What needs reproducing is the run of lines in the data below starting at the line with "Question 2: Oliver" and ending at the line with "Check out this", both ends included. Copy it exactly, without pictures, and add nothing.

### [Record set]
******
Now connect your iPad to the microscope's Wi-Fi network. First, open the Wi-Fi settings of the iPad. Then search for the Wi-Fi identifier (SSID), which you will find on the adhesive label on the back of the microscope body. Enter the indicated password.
******
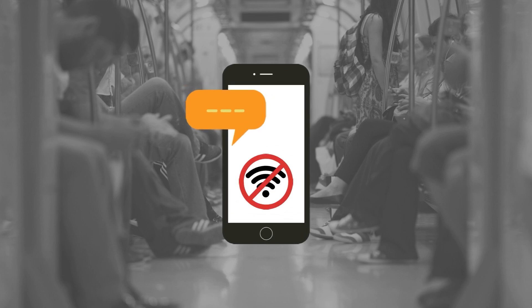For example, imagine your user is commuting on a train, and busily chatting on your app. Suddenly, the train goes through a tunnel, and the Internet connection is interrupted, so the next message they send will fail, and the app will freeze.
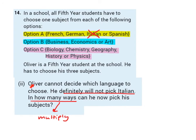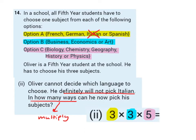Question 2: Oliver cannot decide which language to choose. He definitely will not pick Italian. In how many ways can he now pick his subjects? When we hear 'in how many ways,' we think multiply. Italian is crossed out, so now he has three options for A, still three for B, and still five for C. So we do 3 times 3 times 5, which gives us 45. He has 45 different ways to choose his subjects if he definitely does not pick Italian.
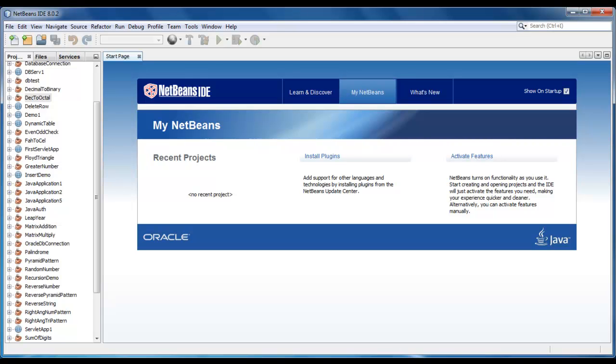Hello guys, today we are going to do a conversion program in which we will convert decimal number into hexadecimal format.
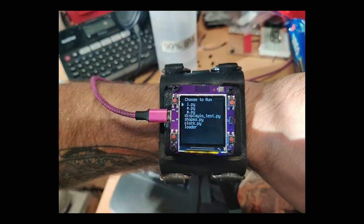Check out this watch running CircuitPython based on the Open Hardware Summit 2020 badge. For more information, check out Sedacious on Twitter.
******
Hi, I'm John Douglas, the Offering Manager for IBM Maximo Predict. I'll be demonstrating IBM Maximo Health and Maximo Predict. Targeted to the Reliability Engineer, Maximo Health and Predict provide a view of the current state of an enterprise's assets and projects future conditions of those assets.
******
### [Reply]
Question 2: Oliver cannot decide which language to choose. He definitely will not pick Italian. In how many ways can he now pick his subjects? When we hear 'in how many ways,' we think multiply. Italian is crossed out, so now he has three options for A, still three for B, and still five for C. So we do 3 times 3 times 5, which gives us 45. He has 45 different ways to choose his subjects if he definitely does not pick Italian.
Hello guys, today we are going to do a conversion program in which we will convert decimal number into hexadecimal format.
Check out this watch running CircuitPython based on the Open Hardware Summit 2020 badge. For more information, check out Sedacious on Twitter.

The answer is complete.